I still prefer to pay a few local bills in person, like my mortgage, and a couple I will still affix a stamp on it and send out through the United States Postal Service. After all, I have a brother who works for the USPS, and I support him and all hard-working postal employees.
Some of my bills are paid automatically. A couple is for yearly magazine subscriptions that I forget about until the payment shows up in my checking account. According to an article in Reader's Digest (yes, I subscribe), they mention six bills that you shouldn't pay via auto-pay.
One of those includes what I just mentioned - annual subscriptions and auto-renewals. Guess what? My Reader's Digest subscription is an auto-renewal. I understand what they are getting at though. And to their credit, they notify me well in advance that my annual subscription payment is coming up.
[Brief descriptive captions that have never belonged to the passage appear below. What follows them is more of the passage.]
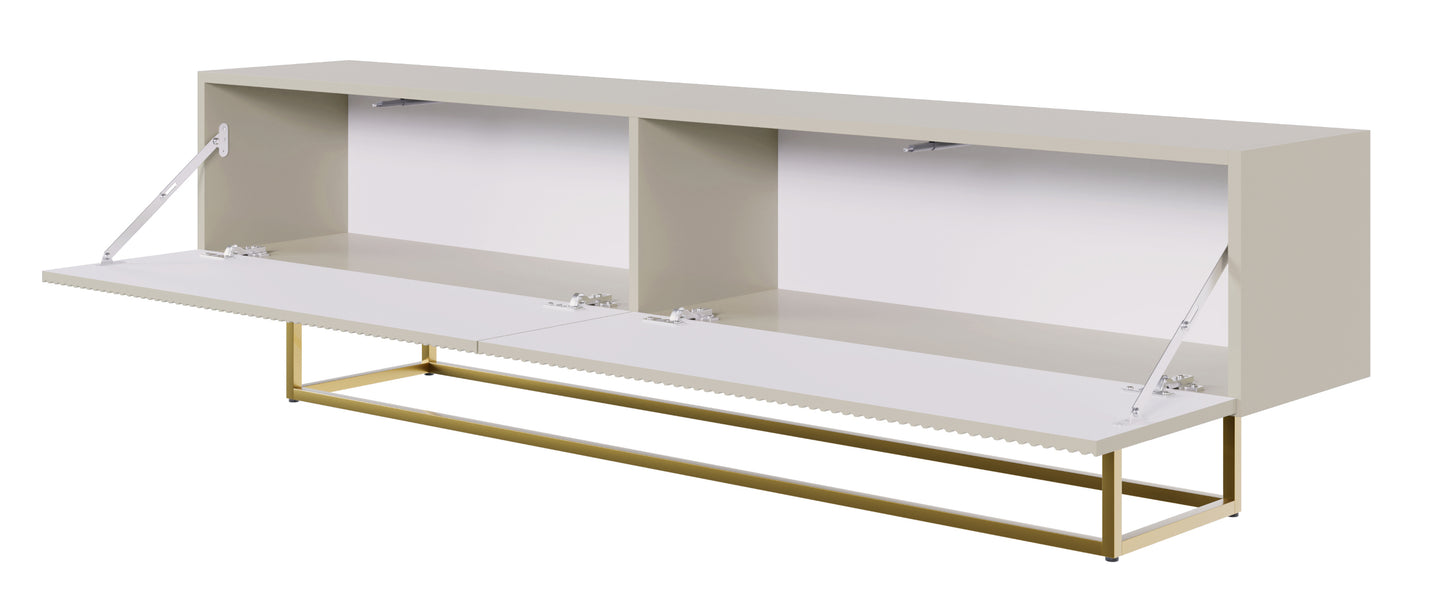 TV skapis Velda 175/46/31 cm bēšs/zelts - N1 Home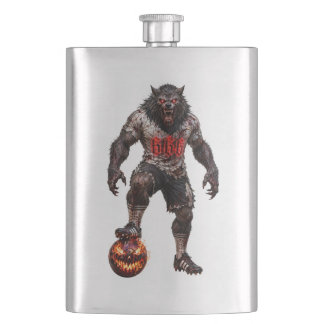 Werewolf Soccer Player Halloween Horror Art Fickplunta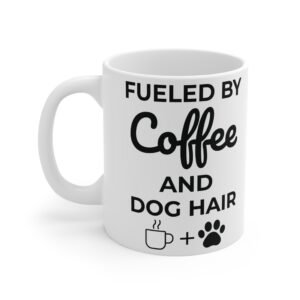 Coffee Lover's Dog Mug, Funny Pet Owner Gift, Dog Mum Cup, Cozy Kitchenware, Unique Animal Lover Present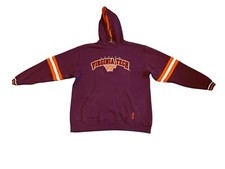 Vintage Virginia Tech Hokies Lee Sports Men s Pullover Sweater Hoodie Size Large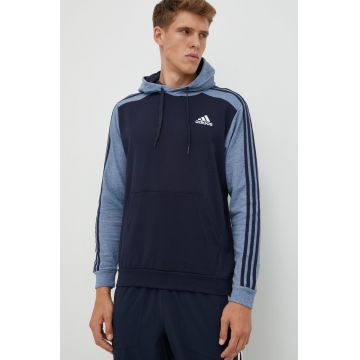 adidas bluza barbati, culoarea albastru marin, neted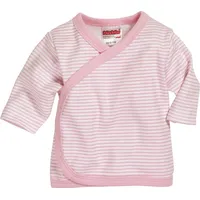 Playshoes Schnizler Flügelhemd Langarm Ringel Rosa | Gr.: 56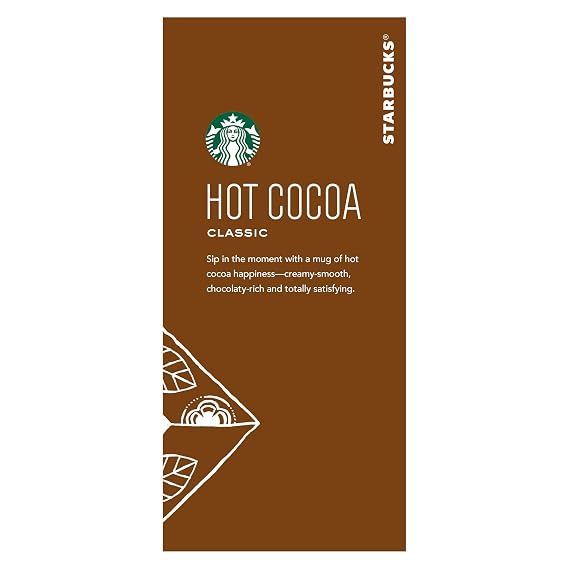 Starbucks Hot Cocoa Mix, Classic, 8 Count (Pack of 6)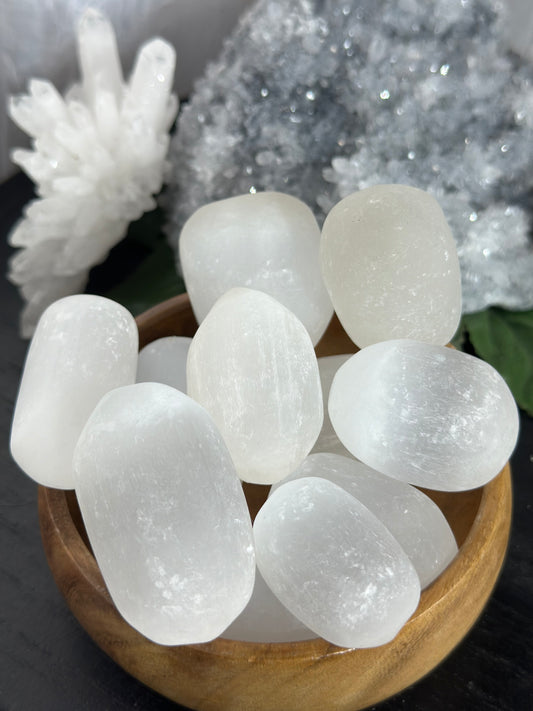 Selenite Tumble Large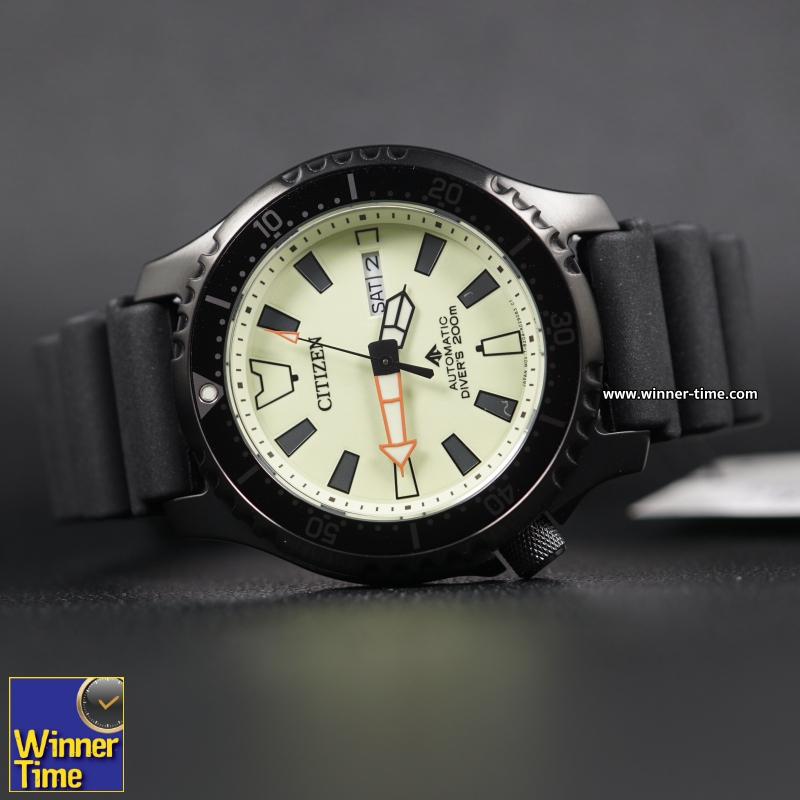 นาฬิกา Citizen Promaster Fugu 4th Gen.  Automatic Divers 200M Sapphire Glass Full Lume Dial Asia Limited Edition 1,989 PCs Rubber Strap Watch รุ่น NY0138-14X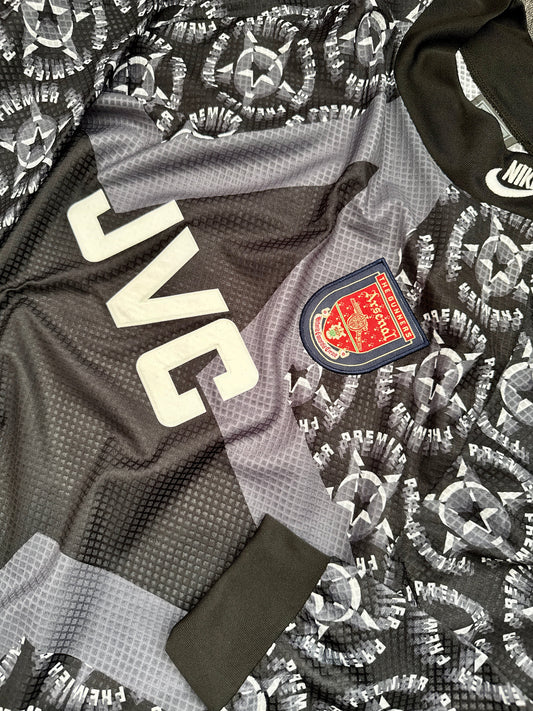 Jersey Retro Arsenal Portero 1994 1995 Manga Larga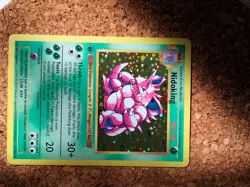 Nidoking 11/102 Holo Base Set Pokemon Holo Rare Pokemon TCG 11/102 - CUSTOM MADE - Image 2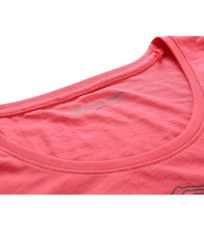 Damski t-shirt DAFOTA ALPINE PRO rouge red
If you don't keep your financial records up to date or are aware of your balance, that could become a problem. When that annual subscription comes due, if your balance is too low to cover, you will end up with a negative amount, and those overdrawn fees can sting.
Other bills Reader's Digest suggest you don't put on auto-renewal include utility and cable bills, memberships, and credit card bills. Utility and cable bill amounts can change from month to month and if you don't have enough in your account to cover a higher-than-normal monthly bill, you could overdraw on your bank or credit card account.
Basically, it's not a bad thing to have your bills paid automatically if you pay attention to the amounts in advance and make sure the account that you use to pay these bills has enough to cover the amount. For some people, that's easier said than done.